Friday, June 11, 2010

IN SITU

Here we are, in room 309, International House 1 of Sookmyung Women’s University—a room that is actually two rooms, far more generous a space than we expected. We have a bedroom (with a desk as well as a king-size bed) and an everything-else-room that includes another desk. The television is snowy and the phone doesn’t work, but the air conditioner does. The weather generally is hot and humid, the air hazy with pollution. I realize we’re almost exactly halfway round the world from Toronto. We’ve traded night for day—it’s 3:30 a.m. there when it’s 4:30 p.m. here. Perhaps this explains the oddly dreamlike quality of our lives.

As it happens we could be cooking meals—there’s a 2-gas burner, a toaster oven, and a little fridge. But we haven’t worked out how to light the gas, and there are no pots or dishes in the cupboard except the two plates and two glasses we bought when we discovered the Lotte Market at Seoul Station—and besides there are at least a hundred and one restaurants/cafes/coffee houses/take-out places within a few minutes walk. Even if we can’t figure out what most of them are cooking (no English menus or signs) we are finding good cheap food.

The street our building is on is narrow (by Toronto standards); it rises and falls along a hill, winding here and there. It feels more like a lane than a street, except for the astonishing number of cars and trucks that manage to drive along it, skirting the fairly steady stream of pedestrian traffic. Looking out our third floor windows I’m reminded a little of Siena by the street’s incline and the way the houses/buildings sit right at the pavement’s edge.

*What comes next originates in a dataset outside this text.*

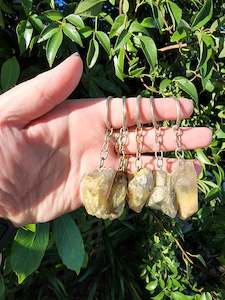Keyrings: Quartz with Inclusions Crystal Keyring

It’s perhaps a five-minute walk to the larger commercial street that leads past the entrance to Sookmyung Women’s University. Along that walk we can buy fruit, groceries, baked desserts, housewares, and clothing, or sit down with a coffee and sweet, order a meal, get clothing dry cleaned, take a hot yoga class—and who knows what else in the buildings and shops with only Korean characters on them. On the larger street we find drugstores, cosmetic shops, lots more clothing stores, tons of eating places, an optician, a phone shop (I think that’s what it is) and a stationery store jammed with file folders, portfolios, notebooks (Sponge Bob covers anyone?), letter paper, wrapping paper, rolls of ribbon, paper clips, hair clips, and racks of socks. From mid-afternoon the street is jammed with people, mostly students, and their numbers increase steadily at least until 8:30—which is about the latest we’ve managed to stay out so far. We’re waking about 6:30 a.m.—the sun already high in the sky, but the street then quiet, nearly empty. Except, one morning, for the corps of women wearing broad sun visors and wielding brooms and dustpans clearing rubbish into little carts.